Мама-медведица попыталась объяснить, что соседи выпускают собак гадить на их газон, пока она не видит, а нанятый ими садовник в последнее время и носа не кажет, но папа-медведь лишь раздраженно отмахнулся.
– Пашешь, пашешь, надрываешься, а толку? Возвращаешься домой и видишь тут какую-то треклятую босяцкую трущобу…
С этими словами он заковылял в дом. Мама-медведица поспешила следом. За окном через улицу дрогнули шторы.
Весь вечер папа-медведь был молчалив и угрюм. Наконец мама-медведица не выдержала и прямо спросила, все ли в порядке.
– Нет… нет, мама, все плохо, – мрачно ответил он, щурясь сквозь бокал с бурбоном. Глаза его в отсветах ламп вспыхнули недобрым желтым огоньком. – Все в полном говне, если тебе вправду интересно знать.
Услышав грубое слово, мама-медведица, как всегда, вскинулась:
– Дорогой!..
– Ничего больше не стоит твой «дорогой», – сказал он, запрокинув голову и одним глотком осушив полный бокал бурбона. – Какашки засохшей не стоит. Старой засохшей какашки, если тебе так больше нравится!
– Не говори так, папа, – с легким испугом ответила мама-медведица, не желая слышать, что еще он может сказать. – Ты и не знаешь, как я ждала, чтоб ты приехал домой – пусть хоть на недельку…
Папа-медведь поднялся на ноги, пошатываясь, подошел к устроенному в углу бару и снова наполнил бокал.
– Это не недельный отпуск, – с усилием выговорил он, не оборачиваясь к ней. – Это принудительный отпуск. Бессрочный принудительный отпуск.
– Как это понять?
Мама-медведица подошла к нему, заглянула в лицо, пытаясь встретиться с ним взглядом и выяснить, что все это может значить. Однако папа-медведь отодвинул ее с дороги – нет, без грубости, но и без нежности, – доковылял до софы и рухнул на нее, точно получив в бок усыпляющий дротик из ветеринарного ружья.
– Я облажался, мама, – сказал он, глядя в потолок, на люстру в хлопьях паутины. – Запорол дневное представление в Скенектеди.
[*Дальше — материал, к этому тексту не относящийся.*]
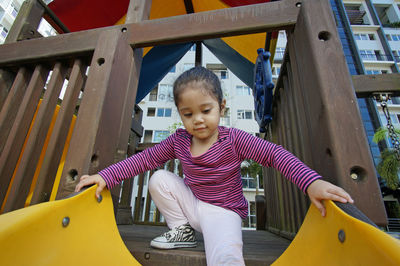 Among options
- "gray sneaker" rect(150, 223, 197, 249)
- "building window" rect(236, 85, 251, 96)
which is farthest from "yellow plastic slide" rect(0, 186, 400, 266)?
"building window" rect(236, 85, 251, 96)

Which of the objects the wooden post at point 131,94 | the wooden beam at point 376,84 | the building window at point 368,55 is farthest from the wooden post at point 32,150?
the building window at point 368,55

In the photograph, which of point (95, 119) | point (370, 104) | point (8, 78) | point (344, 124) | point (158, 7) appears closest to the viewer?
point (344, 124)

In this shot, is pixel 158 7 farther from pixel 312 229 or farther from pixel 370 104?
pixel 370 104

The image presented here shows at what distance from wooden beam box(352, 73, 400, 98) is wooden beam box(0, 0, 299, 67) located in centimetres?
73

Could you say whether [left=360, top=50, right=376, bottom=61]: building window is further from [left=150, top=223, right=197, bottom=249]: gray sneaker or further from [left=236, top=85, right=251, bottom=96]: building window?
[left=150, top=223, right=197, bottom=249]: gray sneaker

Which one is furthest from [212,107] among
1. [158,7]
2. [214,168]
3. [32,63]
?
[158,7]

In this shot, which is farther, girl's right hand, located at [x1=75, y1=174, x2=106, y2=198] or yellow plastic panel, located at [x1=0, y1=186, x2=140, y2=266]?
girl's right hand, located at [x1=75, y1=174, x2=106, y2=198]

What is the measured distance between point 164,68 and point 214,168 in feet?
9.29

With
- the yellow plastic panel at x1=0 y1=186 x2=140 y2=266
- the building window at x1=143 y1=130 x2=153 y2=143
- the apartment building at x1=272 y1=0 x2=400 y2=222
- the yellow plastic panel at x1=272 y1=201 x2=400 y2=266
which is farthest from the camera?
the apartment building at x1=272 y1=0 x2=400 y2=222

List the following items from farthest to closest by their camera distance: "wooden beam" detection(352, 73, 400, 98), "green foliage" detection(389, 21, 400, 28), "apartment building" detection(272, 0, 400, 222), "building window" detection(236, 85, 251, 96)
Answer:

Объявили мой номер… а я просто развернулся и вышел из шапито. Не смог. Просто не смог… себя заставить.
– Милый… но почему?
Папа-медведь вскинул лапу, будто веля ей замолчать, и тут же бессильно уронил ее.
– Я просто не смог!
Маме-медведице сделалось стыдно: похоже, ей следовало понять его без лишних вопросов, однако она ничего не понимала.
– Что же случилось? Может, кто-то что-то сказал? И ты опять полез в драку?
– Я просто… – Папа-медведь надолго задумался, закряхтел, но даже новая порция бурбона не смогла развязать его язык. – А, какого дьявола… Ты все равно не поймешь.
Тут уж мама-медведица не смогла сдержать слез.
– Я хочу, чтоб ты помог мне понять!
А еще ей очень хотелось, чтобы папа-медведь обнял ее, сказал, что все в порядке, что все будет окей. Но вместо этого он откинулся на спинку софы, снова уставился в потолок и сказал, как будто в пустоту:
– Тебе никогда не понять, чего мне это стоило – выделывать все это каждый день. Чего мне стоил весь этот… весь этот бессмысленный фарс.
Мама-медведица заплакала навзрыд.
– Но тебе же хорошо платят! Лучше, чем всем остальным!
– Меня заставляют прыгать сквозь обруч, – скорее, обреченно, чем с горечью сказал он. – Прыгать сквозь этот проклятый обруч каждый божий день, а я ни черта не могу с этим поделать, потому что куплен. Куплен со всеми потрохами.
– Что значит «куплен»? Тебе просто платят жалованье! Хорошее жалованье!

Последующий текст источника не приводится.